The remainder of the race was pretty much a blur of pain and exhaustion, hanging out for cold water, but I was so motivated to keep going hard to the very end, which is what I did. It's a great feeling to love racing again.

And Gav, I found me a classy new box at Paka's Rotas! It is so solid that me and Rae could probably carry you around in it. Can't wait to try ;-)

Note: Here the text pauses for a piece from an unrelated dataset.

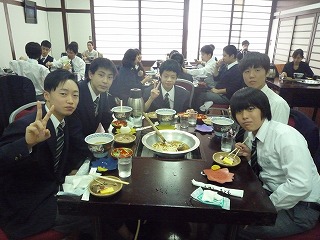 f:id:kgi-okutsu:20181114053533j:plain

Thursday, January 27, 2011

The people you’ll meet.. the places you’ll go

Willow Koerber has really inspired me as of late, she is one of two of my #1 heroes on the bike. Funnily enough, it’s not because she’s one of the most talented mountain bikers in the world - it’s because she is genuinely balanced and spirited within herself. It’s just fricken awesome! Read her blogs and you will get the picture ( - “The Training Part” is my fave).Plenty of people have labeled her as a tree-hugging hippy, but I totally disagree. She has simply struck her inner balance. I think that’s what we are all in pursuit of - racing is just one of many channels in which to discover it. Besides, those who criticise are not World #3. She must be doing something right, eh?

I have been fortunate enough to get a small insight into just how much it takes to train and race at your best – to find the inner balance that enables you to do so. Not only is it what you do on your bike, it’s actually mostly what you do off the bike to back up all the training you do! The first two NZ MTB Cup rounds have been nothing short of shocking for me. I have deliberately not updated my blog for a while so I could give myself time and space to process everything, and look at what I didn’t quite do well, and what I need to improve. Then explain it all neutrally. It was difficult for a while to stay positive when things don’t go well, but therein lies the challenge! I want to and need to be able to focus on learning from these situations to be able to move forward. It’s a process, it’s exciting, and I’m improving.

Sometimes you just have to look at your dreams again. They’re big, they can be achieved, but they also need to be bright, and right in front of you. My dream is to race on the pro circuit and represent New Zealand at the World Championships. If I get distracted, my focus word is “Kia Kaha”. Be strong. It reminds me that I am a Kiwi (a very proud fact), and also reminds me I’m out there day in, day out, working towards the day I will wear the Silver Fern. Yep, there’s been ups and downs, there will be plenty more ups, and a few downs. I’ve been distracted, made wrong decisions, second-guessed myself, been confused, tired and worried, and haven’t walked my talk. But above and in front of all that, I’m strong, fast, happy, laugh at stupid shit and have a lot fun.

Besides, how would you know what a special moment is when you don’t have a tough moment to compare it to?

A 3rd of 3. The medal for me was about being rewarded for not giving up when my performance wasn't great.